Observing Mars, Saturn & Jupiter - Summer of 2018
This summer, millions of people will turn their eyes and telescopes skyward to gaze at Jupiter, Saturn, and Mars in all their glory. All three planets reach opposition between the months of May and August, and that means they'll be closer and brighter than any time this year. In fact, Mars, which reaches opposition as well as its closest approach to Earth in late July, will shine brighter than any time since 2003 and won't be as bright again until September 15, 2035!

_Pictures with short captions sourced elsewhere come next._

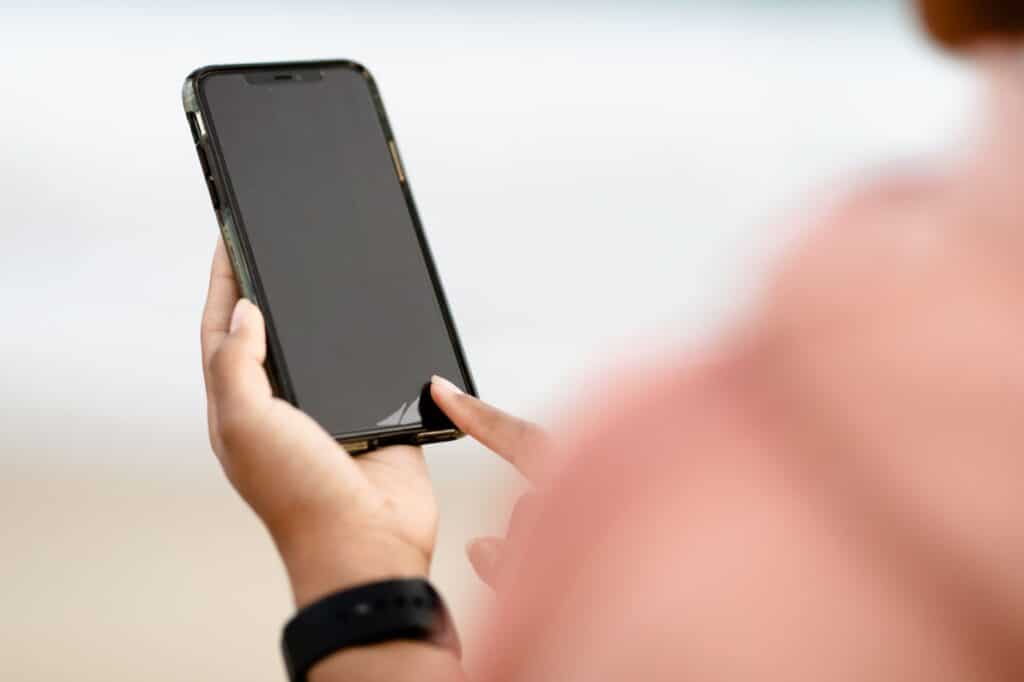 Close-up of a hand holding and using a smartphone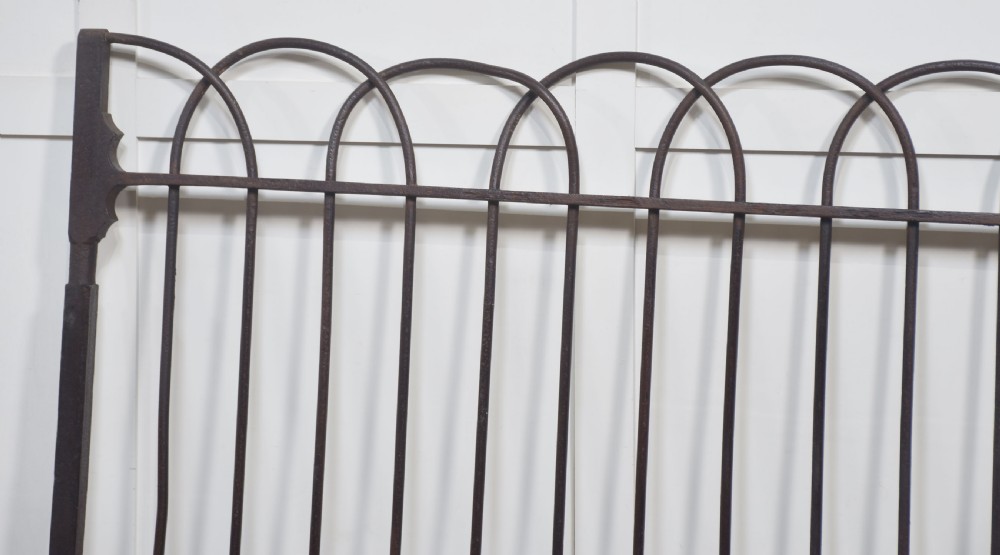 A pair of 19th-century wrought and cast iron gates featuring arched hoop tops, vertical pales, and central spearhead finials. View II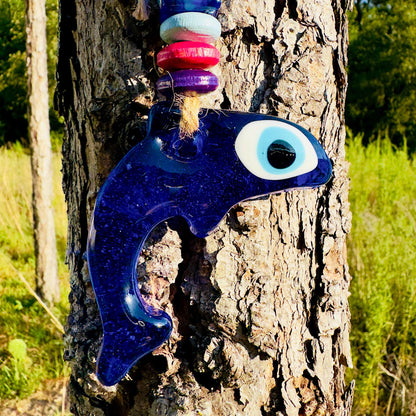 Blue dolphin evil eye charm with large white eye and colorful bead accents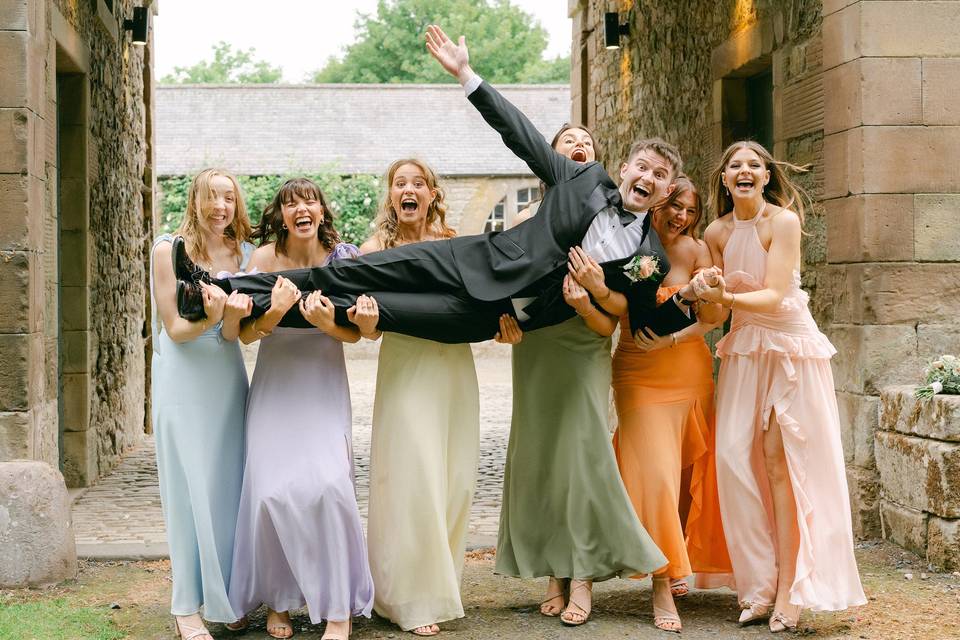 Groom held by bridesmaids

Viewing last summer's Total Eclipse of the Sun was pretty straightforward as far as equipment was concerned, but observing the planets, even when at their closest, is a bit more complicated due to their comparatively smaller size. Approximately 1,000 Jupiter's could fit inside the Sun, and it is one of our biggest and brightest planets. If the Sun were a giant gumball machine, it would take 1.3 million Earth gumballs to fill it! That's a lot of humungous gumballs; just try scraping one of those off the bottom of your shoe! My point is, the Sun is really big, and the rest of the planets, by comparison, not so much, so it takes a bit more than just our own two eyes to experience much detail, even at the best of times. However, that fact shouldn't stop you from standing under our own planet's giant dome of stars late one night to experience the planetary dance this summer, and if you have a little bit of help from a pair of binoculars or a telescope, so much the better.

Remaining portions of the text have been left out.